Größte Anlage in Süddeutschland

Beim Richtfest herrschte jedenfalls Optimismus vor, dass der wachsende Naturenergie-Campus am Wyhlener Kraftwerk die Doppelgemeinde mehr und mehr zu einem „Vorzeigestandort der Energiewende“ werden lässt, wie Michael Schwery, Vorsitzender der Geschäftsführung des Unternehmens, beim Richtfest es ausdrückte. Immerhin werden mit der neuen Anlage in Wyhlen die bislang größten Produktionskapazitäten von klimaneutralem Wasserstoff in Süddeutschland entstehen. Das Gas soll dabei auch einmal zur regionalen Versorgung von Industrie und Kunden in der Mobilität dienen.

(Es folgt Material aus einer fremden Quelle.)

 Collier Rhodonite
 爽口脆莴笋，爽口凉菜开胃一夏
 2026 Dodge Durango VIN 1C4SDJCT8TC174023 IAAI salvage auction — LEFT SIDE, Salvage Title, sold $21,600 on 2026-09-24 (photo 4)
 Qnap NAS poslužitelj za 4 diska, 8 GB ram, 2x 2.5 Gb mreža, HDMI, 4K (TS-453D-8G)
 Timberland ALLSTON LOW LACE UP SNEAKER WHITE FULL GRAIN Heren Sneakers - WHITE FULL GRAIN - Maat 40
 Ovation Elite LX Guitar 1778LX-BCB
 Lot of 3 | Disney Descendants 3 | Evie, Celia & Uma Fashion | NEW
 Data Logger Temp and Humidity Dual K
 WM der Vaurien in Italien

Projektleiterin Reihaneh Zohourian und Erik Seidel von Moser Bau zelebrierten das Richtspruch-Ritual. Foto: Tim Nagengast

„Viel Arbeit, Müh und Plag“

Beim Richtspruch selbst ging es – der sengenden Hitze zum Trotz – hoch oben auf dem Baugerüst ausgesprochen fröhlich zu. Erik Seidel (Firma Moser Bau) erhob das eine oder andere Glas, während er heitere Verse vortrug. „Es gab viel Arbeit, Müh und Plag. Doch wuchs dies Haus von Tag zu Tag“, reimte Seidel, assistiert von Projektleiterin Reihaneh Zohourian, die gerne mit ihm anstieß, ehe die Gläser zu Boden sausten.

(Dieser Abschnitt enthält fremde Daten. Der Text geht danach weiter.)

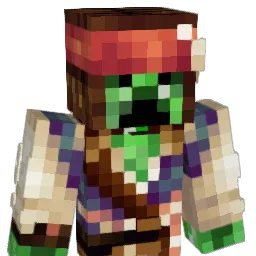 xMogZenx Minecraft avatar bust
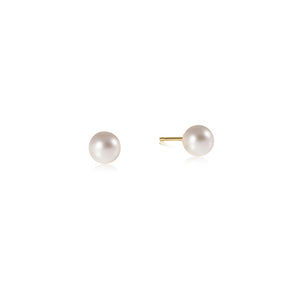 Classic 6mm Ball Stud - Pearl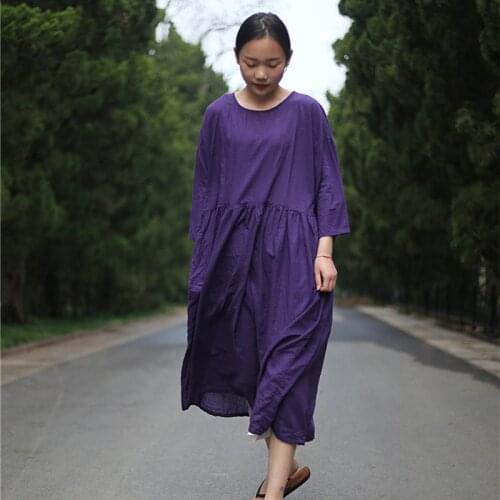 QATURALAN White Summer Dresses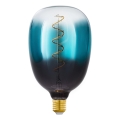 LED prigušiva sijalica VINTAGE T120 E27/4W/230V 2000K plava - Eglo 110224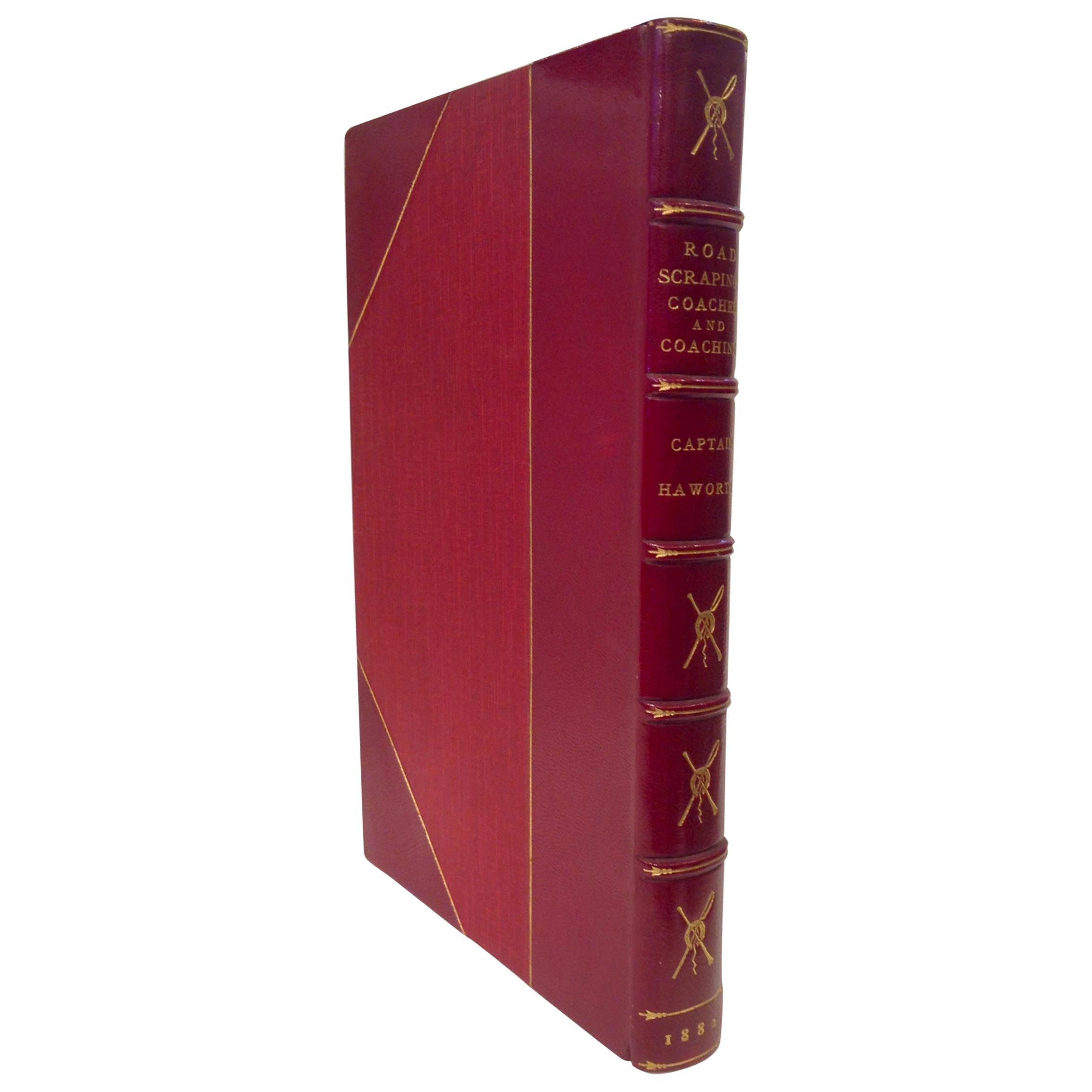 Fine Leather Bindings 6 Volumes The Works of Daniel Webster Books  Published by Little Brown and Company, Boston 1854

Benz spricht von „Leuchtturmprojekt“

Bürgermeister Tobias Benz sprach in seinem Grußwort von einem „schönen, wichtigen Anlass“. Er bewundere die Firma Naturenergie (ehemals Energiedienst) für ihren „Mut, Neuland zu betreten“ und in Wyhlen ein höchst innovatives Projekt zu starten. Schon vor neun Jahren, als der Gemeinderat erstmals mit dem Thema „Power-to-Gas“ konfrontiert worden sei, „war klar: Das hier ist ein Leuchtturmprojekt“. Benz streifte in seinen Ausführungen auch kurz den „großen Wandel“, der sich vollzogen habe, was die Akzeptanz des Themas in der Öffentlichkeit angehe. So gab es zu Beginn eine Bürgerinitiative, die dem Thema äußerst kritisch gegenüberstand, vor Gefahren warnte und sich alsbald bestätigt sah, als es in der ersten Anlage zu einer Verpuffung kam. Benz sprach dabei von „Diskussionen in nicht gerade innovationsfreundlichem Klima“.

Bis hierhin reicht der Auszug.